-- Information supplied follows --

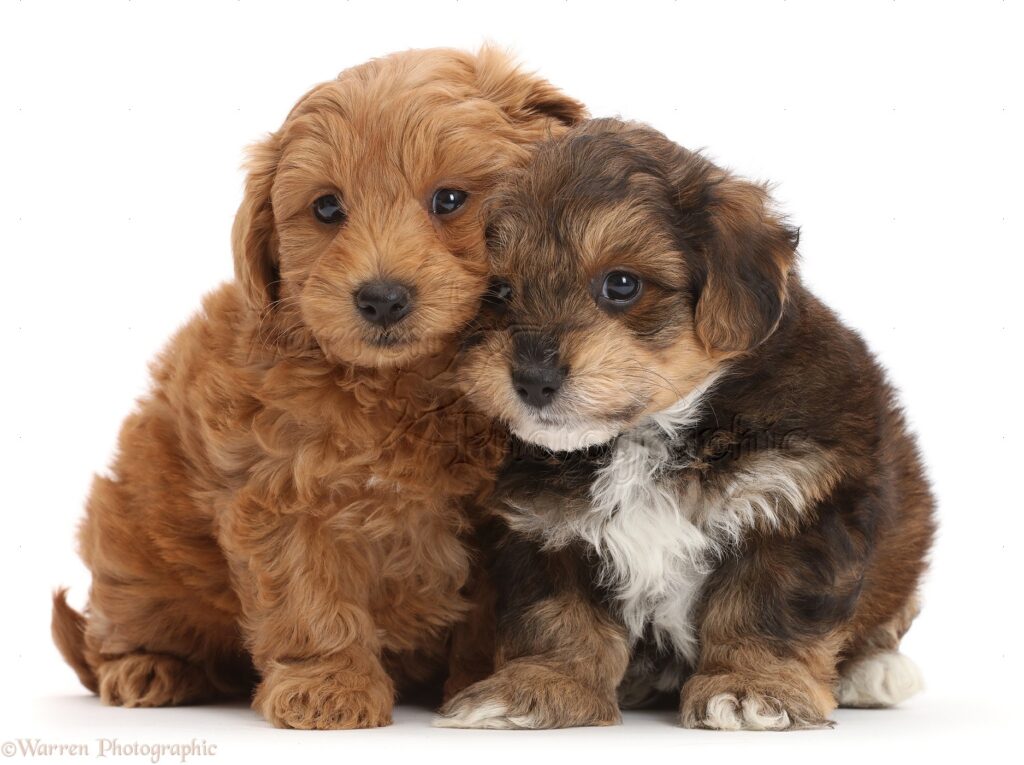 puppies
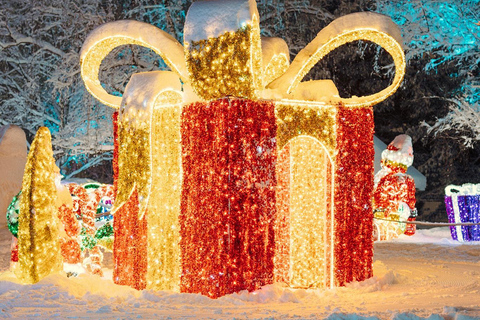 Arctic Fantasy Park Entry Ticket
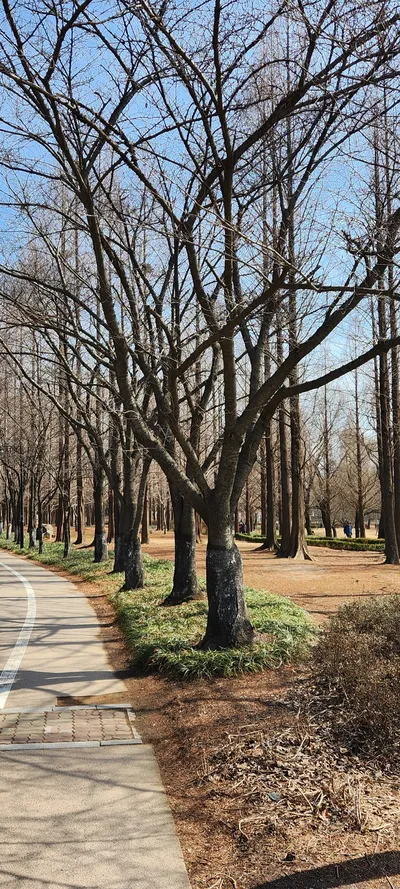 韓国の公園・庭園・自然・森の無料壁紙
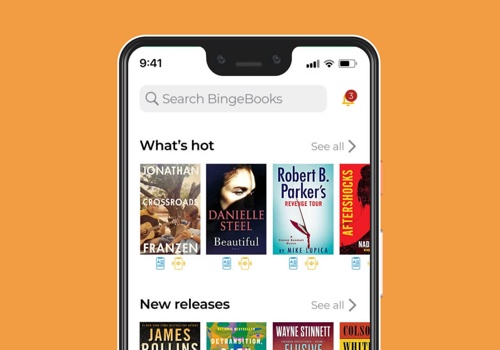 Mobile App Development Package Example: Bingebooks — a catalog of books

-- Information supplied concluded --

What the task requires
Please return all of the material above exactly, minus any pictures.

Task answer
 puppies
 Arctic Fantasy Park Entry Ticket
 韓国の公園・庭園・自然・森の無料壁紙
 Mobile App Development Package Example: Bingebooks — a catalog of books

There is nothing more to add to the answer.